A manager at Fireman's Fund insurance company in Novato for years, Bill Luthi had always handled the couple's finances. After he retired, they moved from Alameda County to Cloverdale in the 1990s and then to Oakmont when his health started to fail.
When it was clear Bill might not survive, Luthi realized she needed to prepare to handle the finances alone, she said. A local attorney referred her to AGA Financial.
Her goal was to put her nearly $700,000 in savings into low-risk investments that would be safe but still earn enough interest to allow her to live comfortably, including traveling occasionally to see her sister in Michigan, she said.
At first, Armitage put her at ease. He met with Luthi at her home, reviewed her portfolio and assured her he could generate better returns than the 6 percent she was earning with Schwab, she recalled.
"In the first meeting, we both were absolutely agreed -- no risk," Luthi said this month. "He called it as safe as any investment could be."

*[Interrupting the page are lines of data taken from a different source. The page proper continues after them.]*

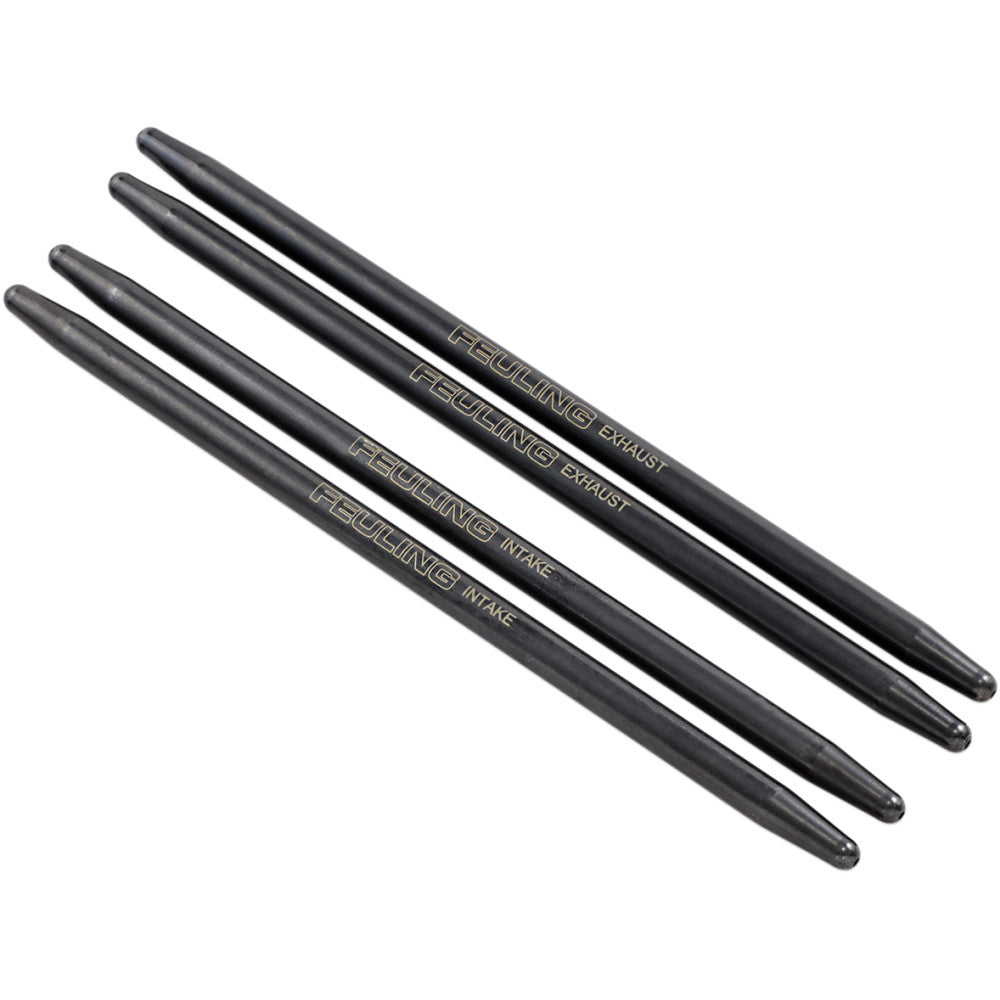 2014-2016 for Harley CVO Electra Glide Ultra L HP+ Pushrods +.030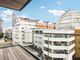 Thumbnail Flat for sale in Lighterman Towers, 1 Harbour Avenue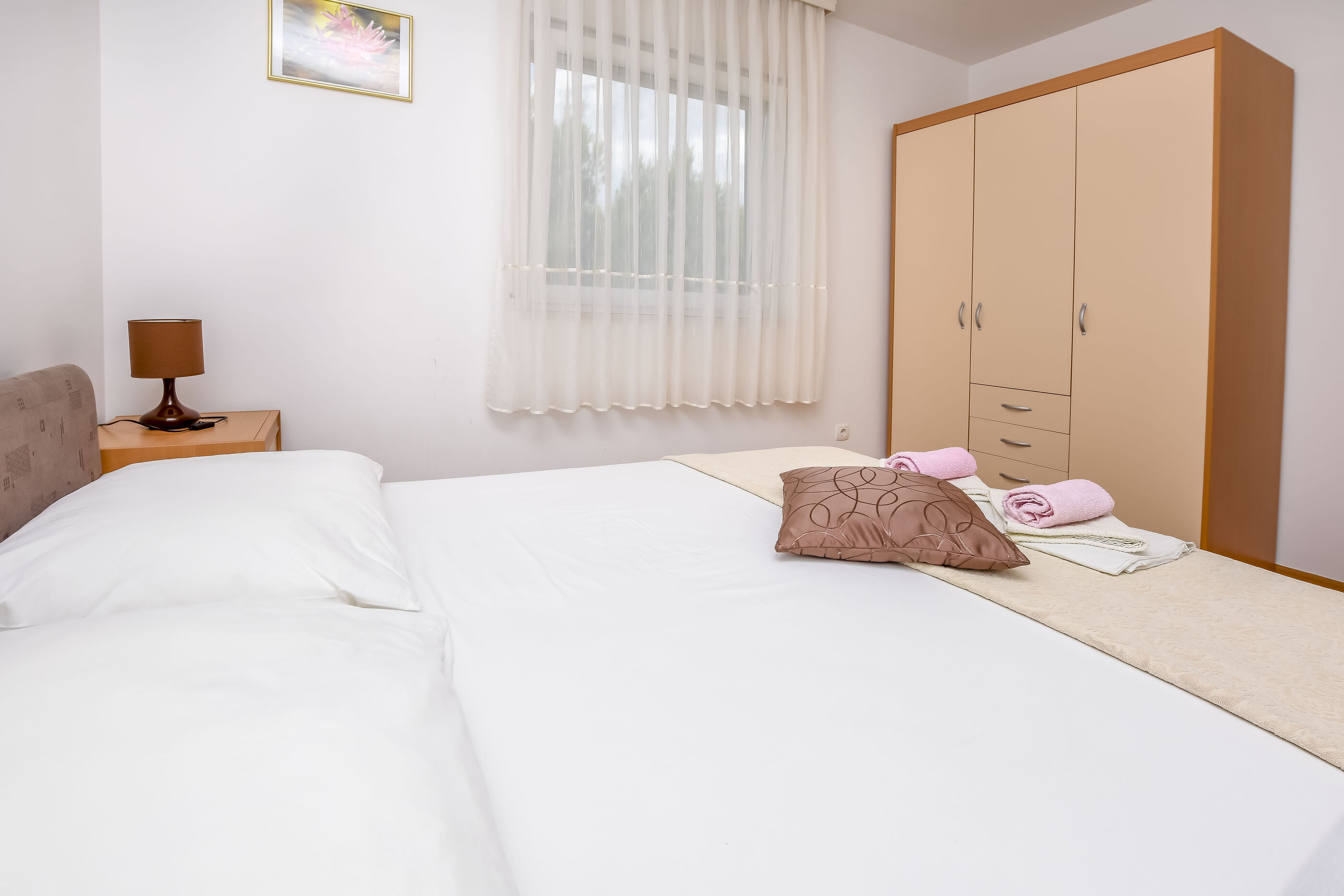 Apartments Aurel 40411-A3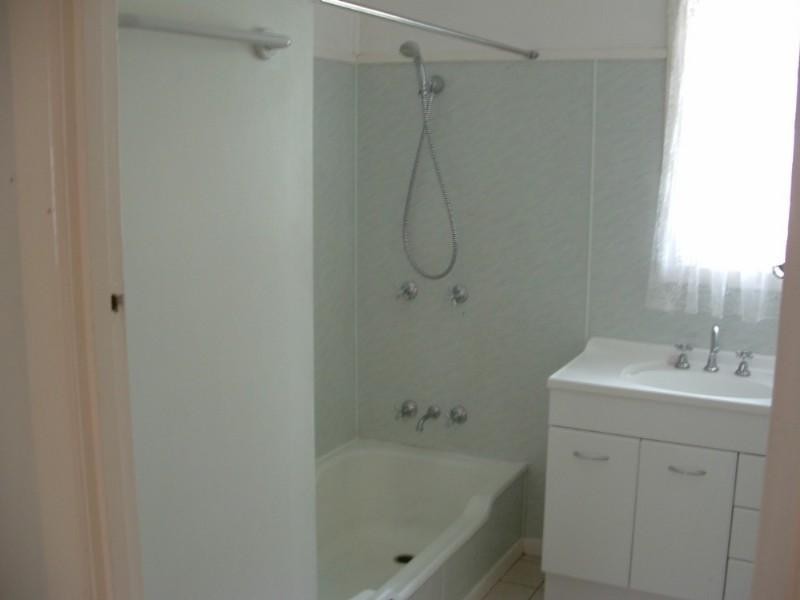 12 Joanne Street, Underwood QLD 4119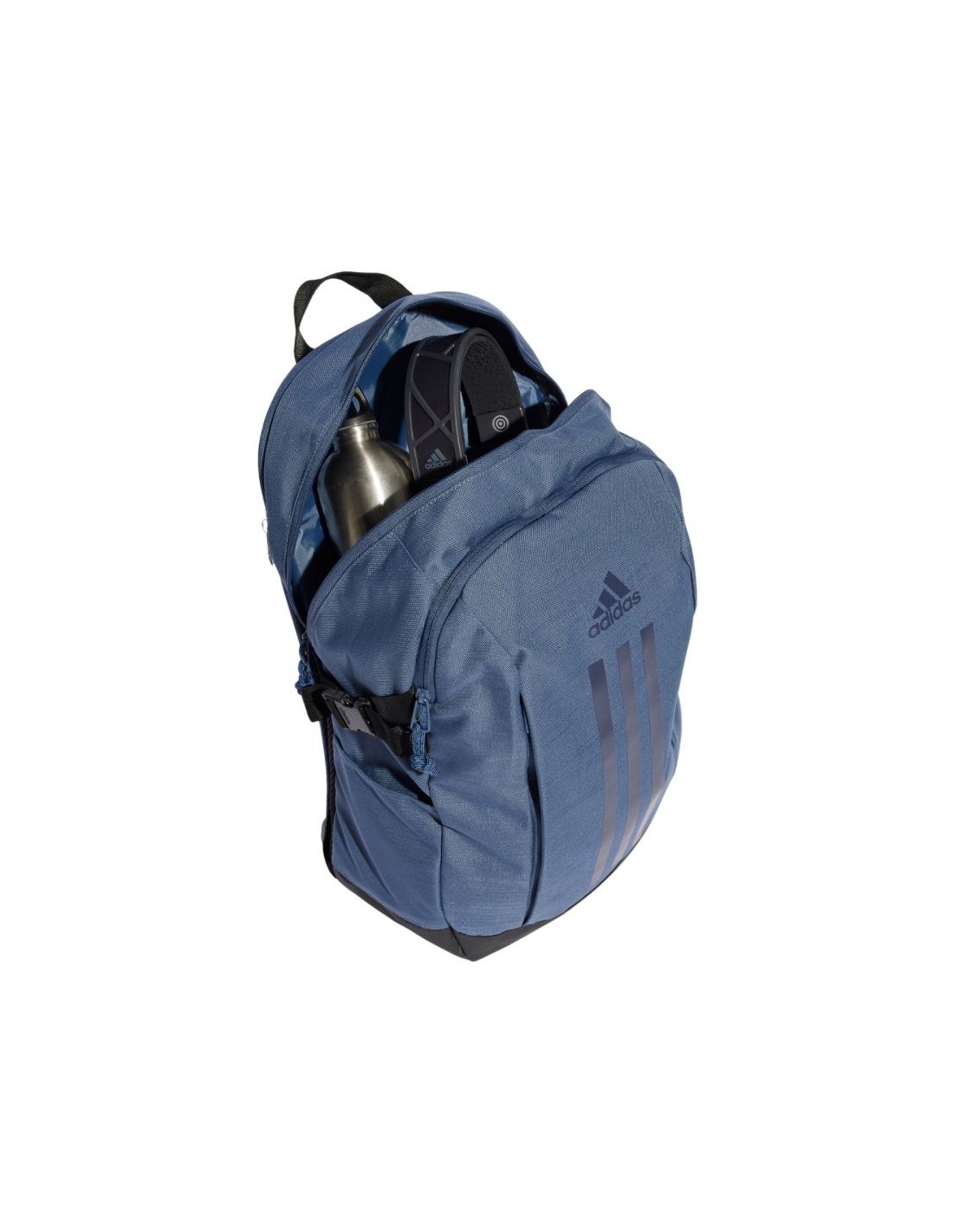 697119-thickbox_default-adidas-power-vii-it5360-backpack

Luthi agreed to turn the entire value of her investment accounts over to him. She paid little attention at the time to the kinds of investments he proposed because she trusted him, she said.
"It's like a car: I don't need to know how the transmission works," she said recently from a home filled with treasures from a life spent traveling the world.
But after the interest payments on her investments stopped last year, she began asking questions. Armitage was difficult to get on the phone, and when she did, all she got out of him was "gobbledygook," she said.
"He was always reassuring me when I was questioning what I had," recalled Luthi, who doesn't have any family members she can count on for help. "He said, 'You don't have anything to worry about.' "
Now she's plenty worried. Her attorney and a financial adviser have told her the AREI investments are likely worthless.
Luthi was counting on that money to help her live her golden years in relative comfort, but now she doesn't know what her financial future holds.
Luckily, she has part of her husband's pension and Social Security benefits and owns her home outright. Nevertheless, she's staring at steep, if not complete, losses of her investments.
"It's taking a toll on me," Luthi said. "I think to myself, this is the rest of my life, and it's stressful."